Tra non troppo velati riferimenti al G8 di Genova e alla caduta del ponte Morandi, non è più il bene comune a unire le persone. Prevale, invece, la visione del padre di Sandro, che un tempo gli ripeteva la sua verità universale: «Agli umani per colpa degli umani toccano solo sventure.», una rilettura di Hobbes in chiave post-apocalittica.

 

Sandro è l’antieroe per eccellenza, colui che subisce una serie di eventi del tutto fuori dalla sua portata. E, forse, la sua bravura consiste in questo: sopravvivere in un gioco di cui non si conoscono le regole e che ci costringe a improvvisare a ogni mossa.

Lo stile di Francesco Cane Barca, qui al suo primo romanzo, riflette questa frammentarietà: i periodi sono brevissimi, le subordinate quasi del tutto abolite. A volte è una singola parola a reggere la pagina. La punteggiatura è smantellata e il ritmo è scandito dalla distribuzione delle sillabe e degli accenti: le parole come suoni, liberate dall’artificiosità del segno, alla ricerca di un’autenticità che non risulti troppo schematica.

 

Sandro è stanco e con lui un’intera civiltà: «Ho bevuto troppo. La giornata mi ha ingoiato. Domani. Alla fine va tutto a domani.» Alcool e sesso invitano da un lato all’oblio, dall’altro al debole desiderio di riaffermarsi. I desideri rimangono tuttavia al livello di idee, perché ogni azione appare vana o insignificante: «Non ho stupore. Non provo nulla in particolare. Voglio solo che le cose siano come le vorrei. Non lo sono. Il mio è un desiderio infantile pigro e infruttuoso. Ci bevo altri sorsi.»

La frenesia descrittiva si scontra con una realtà in cui le ore sembrano sempre uguali a se stesse. Eppure, incontrollato, qualcosa di più grande si muove intorno a Sandro e ai genuesis. Una macchina oliata pronta a restituire efficienza alla città: «Le abitazioni antiche crollano e faranno spazio a un nuovo mondo che ancora non ho capito come l’hanno in mente. Freddo. Sarà fatto di freddezza. Vuoto.»

 

La vera fortuna del protagonista è di essere conscio dei propri limiti: «Non saprei cartografare il futuro con parole nuove. Potrei solo immaginare il presente degenerato. Spero possa bastare per farci sopravvivere.»

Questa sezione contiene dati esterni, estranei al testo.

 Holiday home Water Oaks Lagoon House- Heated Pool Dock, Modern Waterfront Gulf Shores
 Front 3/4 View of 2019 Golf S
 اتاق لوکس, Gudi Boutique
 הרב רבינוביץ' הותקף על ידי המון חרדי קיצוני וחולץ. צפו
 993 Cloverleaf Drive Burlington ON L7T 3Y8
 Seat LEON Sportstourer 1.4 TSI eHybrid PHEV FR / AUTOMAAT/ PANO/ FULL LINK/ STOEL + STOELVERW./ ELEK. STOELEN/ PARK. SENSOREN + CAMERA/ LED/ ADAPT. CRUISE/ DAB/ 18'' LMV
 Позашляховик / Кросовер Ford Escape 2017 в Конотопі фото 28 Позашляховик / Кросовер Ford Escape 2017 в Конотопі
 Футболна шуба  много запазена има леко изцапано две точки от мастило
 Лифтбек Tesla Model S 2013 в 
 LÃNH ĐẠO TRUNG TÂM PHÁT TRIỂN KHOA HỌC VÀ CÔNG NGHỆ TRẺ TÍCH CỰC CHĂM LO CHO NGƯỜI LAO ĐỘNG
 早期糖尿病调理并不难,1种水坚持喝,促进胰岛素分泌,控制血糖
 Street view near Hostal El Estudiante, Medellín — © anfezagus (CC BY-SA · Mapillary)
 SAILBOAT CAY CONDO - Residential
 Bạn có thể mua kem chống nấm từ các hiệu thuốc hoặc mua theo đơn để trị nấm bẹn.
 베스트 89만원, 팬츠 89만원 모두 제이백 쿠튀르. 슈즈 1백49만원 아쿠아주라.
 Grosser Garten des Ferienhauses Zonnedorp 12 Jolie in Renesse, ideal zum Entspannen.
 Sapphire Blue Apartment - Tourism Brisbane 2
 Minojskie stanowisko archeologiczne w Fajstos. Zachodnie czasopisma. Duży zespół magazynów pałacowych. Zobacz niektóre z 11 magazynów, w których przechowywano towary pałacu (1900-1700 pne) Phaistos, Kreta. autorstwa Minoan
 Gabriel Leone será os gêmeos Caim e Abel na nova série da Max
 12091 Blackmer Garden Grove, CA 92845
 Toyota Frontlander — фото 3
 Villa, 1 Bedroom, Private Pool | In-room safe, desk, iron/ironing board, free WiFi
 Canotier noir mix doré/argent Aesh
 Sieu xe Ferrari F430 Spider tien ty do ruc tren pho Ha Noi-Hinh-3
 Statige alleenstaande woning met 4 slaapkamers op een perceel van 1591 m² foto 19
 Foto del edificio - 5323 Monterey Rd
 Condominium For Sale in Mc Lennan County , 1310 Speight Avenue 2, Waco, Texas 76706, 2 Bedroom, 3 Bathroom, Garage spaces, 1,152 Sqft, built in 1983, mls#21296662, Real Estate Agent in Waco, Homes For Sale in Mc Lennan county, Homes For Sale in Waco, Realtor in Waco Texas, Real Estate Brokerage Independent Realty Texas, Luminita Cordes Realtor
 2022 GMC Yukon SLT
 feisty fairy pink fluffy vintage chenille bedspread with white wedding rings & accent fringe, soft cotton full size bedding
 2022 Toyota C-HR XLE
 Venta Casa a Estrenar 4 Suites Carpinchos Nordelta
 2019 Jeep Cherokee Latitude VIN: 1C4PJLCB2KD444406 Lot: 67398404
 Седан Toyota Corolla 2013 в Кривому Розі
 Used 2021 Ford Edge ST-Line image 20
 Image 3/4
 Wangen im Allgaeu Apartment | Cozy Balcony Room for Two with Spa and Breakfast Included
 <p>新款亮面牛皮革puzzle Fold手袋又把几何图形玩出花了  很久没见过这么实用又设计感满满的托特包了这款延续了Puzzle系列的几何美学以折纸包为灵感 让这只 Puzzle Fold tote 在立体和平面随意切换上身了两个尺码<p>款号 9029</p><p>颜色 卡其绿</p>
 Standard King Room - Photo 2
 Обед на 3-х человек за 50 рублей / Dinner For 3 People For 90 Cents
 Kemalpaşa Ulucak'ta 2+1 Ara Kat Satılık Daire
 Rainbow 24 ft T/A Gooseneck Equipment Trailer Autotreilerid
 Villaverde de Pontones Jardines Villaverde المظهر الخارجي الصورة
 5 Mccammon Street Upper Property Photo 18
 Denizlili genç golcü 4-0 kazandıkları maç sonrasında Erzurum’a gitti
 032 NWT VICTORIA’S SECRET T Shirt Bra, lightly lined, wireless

In fondo, Sandro non può fare a meno di ricercare una personale narrazione di vita che sia coerente. Egli riconosce l’insensatezza presente di una tale pretesa, ma vi è chi prosegue sui binari di questa narrazione, in una suddivisione manichea tra bene e male, tra buoni e cattivi. L’unica salvezza è tirarsi fuori dai giochi; respingere la contesa insensata e partire per un nuovo mondo, un luogo in cui coloro che furono oppressi conoscano ancora la gioia e il significato di vivere liberi: «È una storia come tante. La storia di tutti i giorni. Solo questo. Nemmeno la peggiore. È la solita trama. E il mio ruolo ancora non l’ho capito. Se ne avrò l’occasione accecherò il Bonaparte. Santiago morirà. Vogliono essere loro i cattivi. Bene. Gli parlerò nella loro lingua. Violenza. Se non scivolerò. Se avrò le mie fortune. Domani. Fra qualche giorno ci sarà un altro Bonaparte. Ma io sarò già partito.»

 

E sì, il titolo dell’analisi è un “gioco nel gioco” con il titolo del libro.